There are demons; demons that are more dangerous than any I have created over the years, for I do not want destruction upon that level. These demons keep going; they are excellent fighters, trained like many of our Elves. They cannot speak, and thus their blades endlessly pierce Rasie's Truth Armor, though if they could speak it would not. Only if they are sliced into pieces do they stop getting up.

These demons are frustrating, yes, but they are not all too common. But there is one demon above all demons, and perhaps he can speak, though none have heard him.

He is The Black Knight, a being who rides a horse much like a Shadowmare of Loki's. He wields a scythe, and legend says that he also has a black blade, a sword with an evil poison in it, though we have not yet seen this blade.

The blade cuts through anything, flesh, blood, bone, armor; even Bannonite armor, the strongest in all existance. And the people are scared, very scared of this legend. This demon, which is said to have fought on the battlefield and destroyed entire regiments by himself.

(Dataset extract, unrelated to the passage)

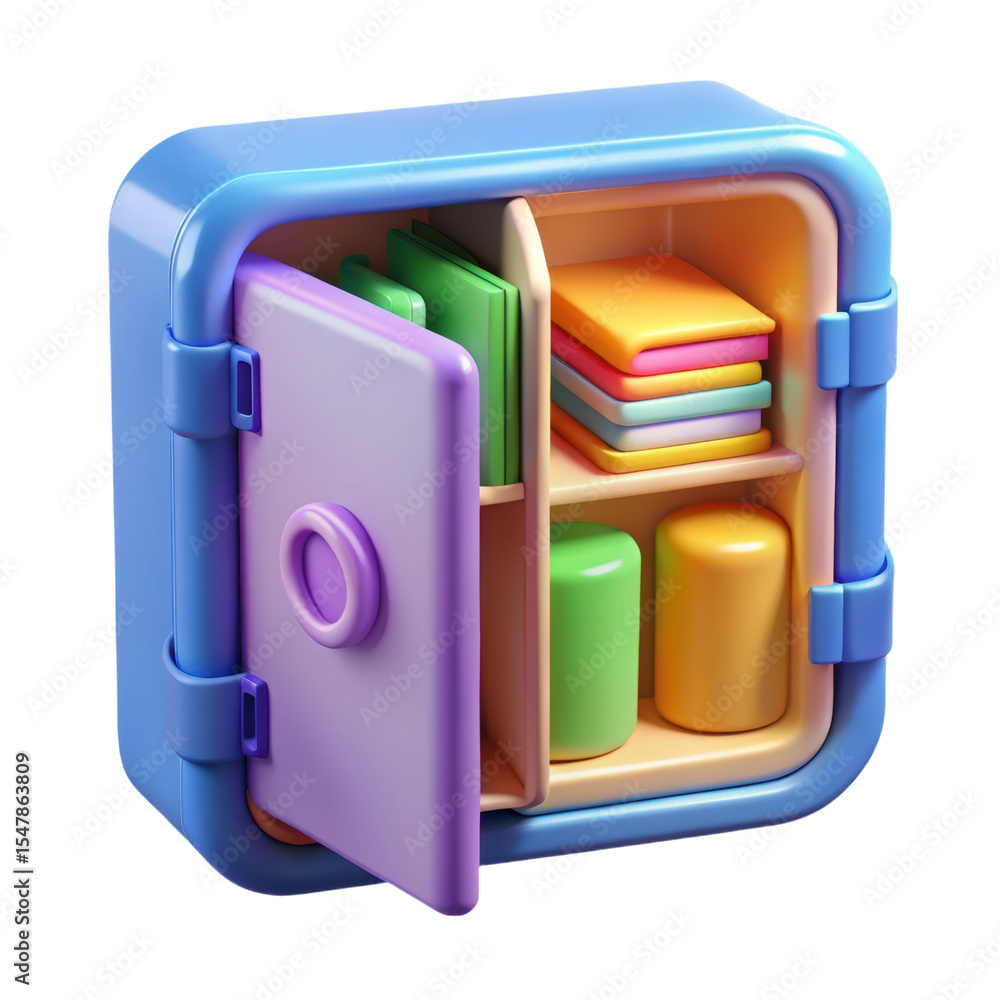 Poster colorful safe box with open door 3d rendering plasticstyle icon solated on transparent background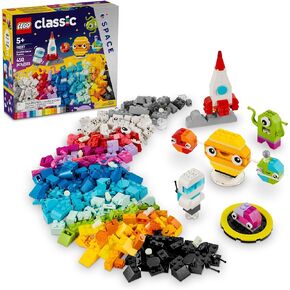 LEGO Classic Creative Space Planets Buildable Solar System, Creative Toy Building Set with Alien, Rocket Ship Toy and Glow in The Dark Bricks, Gift for Kids, Boys and Girls Ages 5 and Up, 11037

And I have watched him. Oh how I have watched him; as he sliced through the soldiers on the battlefield. None who have seen his eyes up close have survived; he will chase them if he must, killing anyone who stands in his way.

He is a terrible monster, who kills without thinking, who kills without showing remorse or even the slightest care in the world. I do not know what to think of him, or where he came from; for his power, his aura, matches that of Loki in strength. But it is not the same as ours, the Essence of Those Who Are, which even our enemy bears.

What could this new enemy be? Is there a rival of equal strength, something that can challenge Those Who Are? The thought makes me shiver.

And with that I must get some rest, for tomorrow will be just as exhausting a day as this.